The consultation closes on 11 January 2019. The government suggests that a trial or phased approach could be used with early adopters to test the process before mandatory reporting is required.
Key Elements of the Consultation
What ethnicity pay information should be reported?
The following approaches have been proposed:
- “One pay gap figure comparing average hourly earnings of ethnic minority employees as a percentage of white employees.” This approach would mirror the gender pay gap reporting methodology. The employer would provide one headline figure. One drawback of this approach is that a headline pay gap figure alone may not give a fully representative picture as different ethnic groups would be rolled into one.
- “Several pay gap figures by ethnicity group.” This approach would compare average hourly earnings of different groups of ethnic minority employees as a percentage of white employees.
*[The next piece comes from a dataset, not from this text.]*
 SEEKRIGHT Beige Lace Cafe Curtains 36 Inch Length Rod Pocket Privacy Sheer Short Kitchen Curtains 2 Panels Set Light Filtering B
However, this approach would not identify variations in pay distributions across different groups.
- “By pay band or quartile.” This approach would show the proportion of employees from different ethnic groups by £20,000 pay bands or by pay quartiles. Employers would be able to see where ethnic minorities are concentrated in terms of pay and identify any apparent barriers to progression. One problem with this approach may be that breaking down data in this way may cause issues in terms of protecting employee anonymity.
Where would the data need to be published?
There is no indication in the consultation document of where the government proposes employers should publish ethnicity pay data. However, it seems likely that the government would implement publication requirements similar to those for gender pay gap information, which employers are required to publish on their websites and on a central government online portal.
What are some challenges that may arise for employers collecting ethnicity data?
The consultation document summarises the following challenges:
- There is no legal obligation for individuals to disclose the ethnic group with which they identify, and there is no legal obligation on employers to collect ethnicity data.
- Analysing ethnicity data can be complex because individuals do not necessarily associate themselves with any of the categories.
- Employers have their own classifications. Taking a standardised approach may result in additional costs to employers where changes to classification systems are required.
- Any information relating to an individual’s racial or ethnic origin is classified as a special category of personal data under the Data Protection Act 2018, read with the General Data Protection Regulation. Employers that collect ethnicity data need to ensure the anonymity of their employees.
Will the reporting requirement apply to all UK employers?
“The government believes that employers of fewer than 250 employees should not be expected to publish ethnicity pay data . . . A threshold of 250 or more employees would mirror the gender pay gap reporting methodology.”